╭─ INFORMATION

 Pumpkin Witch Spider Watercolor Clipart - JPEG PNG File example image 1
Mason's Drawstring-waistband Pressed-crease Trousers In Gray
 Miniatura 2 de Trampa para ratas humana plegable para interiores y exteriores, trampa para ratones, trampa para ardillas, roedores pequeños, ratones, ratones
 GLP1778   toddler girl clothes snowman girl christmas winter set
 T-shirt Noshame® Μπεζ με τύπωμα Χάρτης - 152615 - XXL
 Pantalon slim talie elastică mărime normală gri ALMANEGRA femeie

╰─
╭─ INFORMATION

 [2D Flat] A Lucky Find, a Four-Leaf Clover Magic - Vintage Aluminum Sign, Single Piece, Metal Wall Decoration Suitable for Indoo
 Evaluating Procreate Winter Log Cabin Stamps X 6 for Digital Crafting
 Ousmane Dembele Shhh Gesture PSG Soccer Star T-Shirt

╰─
╭─ INFORMATION

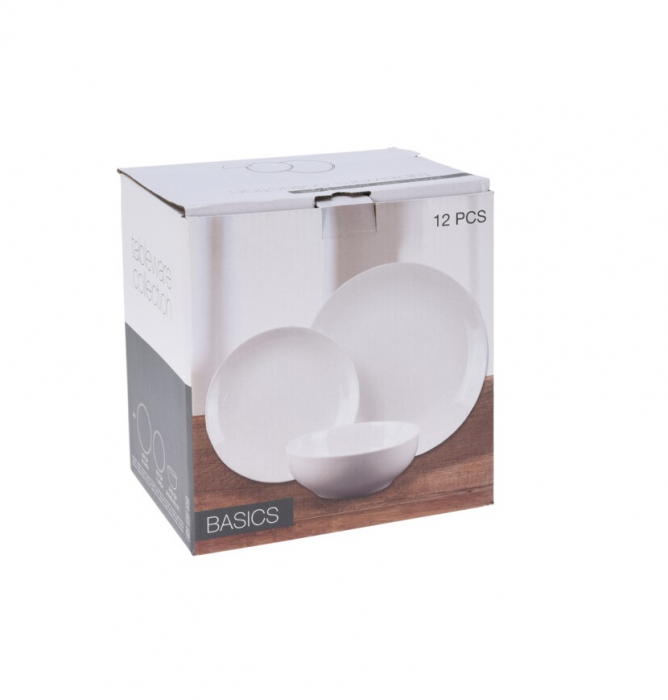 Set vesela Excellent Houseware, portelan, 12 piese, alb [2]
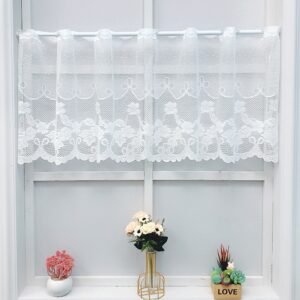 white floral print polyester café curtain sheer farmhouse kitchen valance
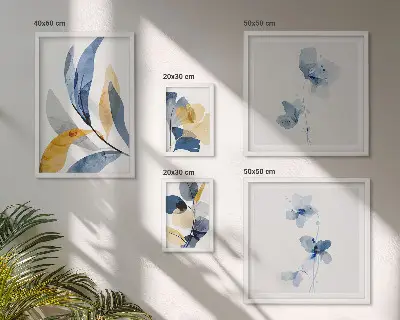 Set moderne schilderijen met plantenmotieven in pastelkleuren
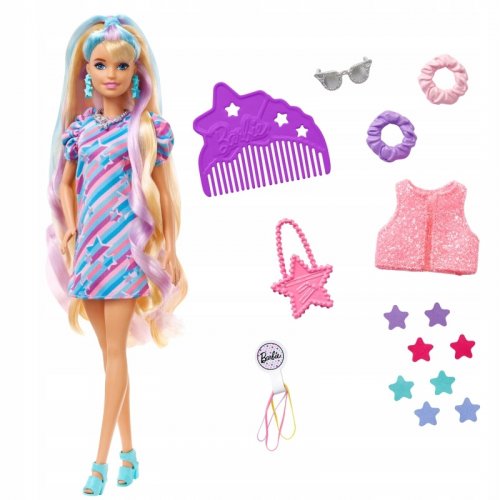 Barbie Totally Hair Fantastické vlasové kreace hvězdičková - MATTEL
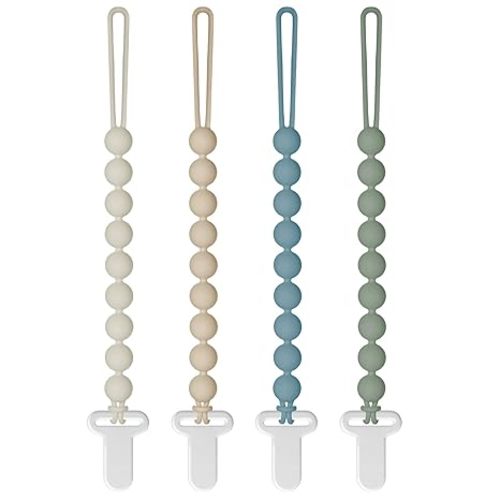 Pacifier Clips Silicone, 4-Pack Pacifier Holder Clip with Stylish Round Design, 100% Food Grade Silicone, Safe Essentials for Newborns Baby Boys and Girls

╰─

## [EXERCISE]
Quote the data above from the line containing "Pumpkin Witch Spider" to the line containing "Pantalon slim talie", inclusive, and stop.

## [TASK ANSWER]
 Pumpkin Witch Spider Watercolor Clipart - JPEG PNG File example image 1
Mason's Drawstring-waistband Pressed-crease Trousers In Gray
 Miniatura 2 de Trampa para ratas humana plegable para interiores y exteriores, trampa para ratones, trampa para ardillas, roedores pequeños, ratones, ratones
 GLP1778   toddler girl clothes snowman girl christmas winter set
 T-shirt Noshame® Μπεζ με τύπωμα Χάρτης - 152615 - XXL
 Pantalon slim talie elastică mărime normală gri ALMANEGRA femeie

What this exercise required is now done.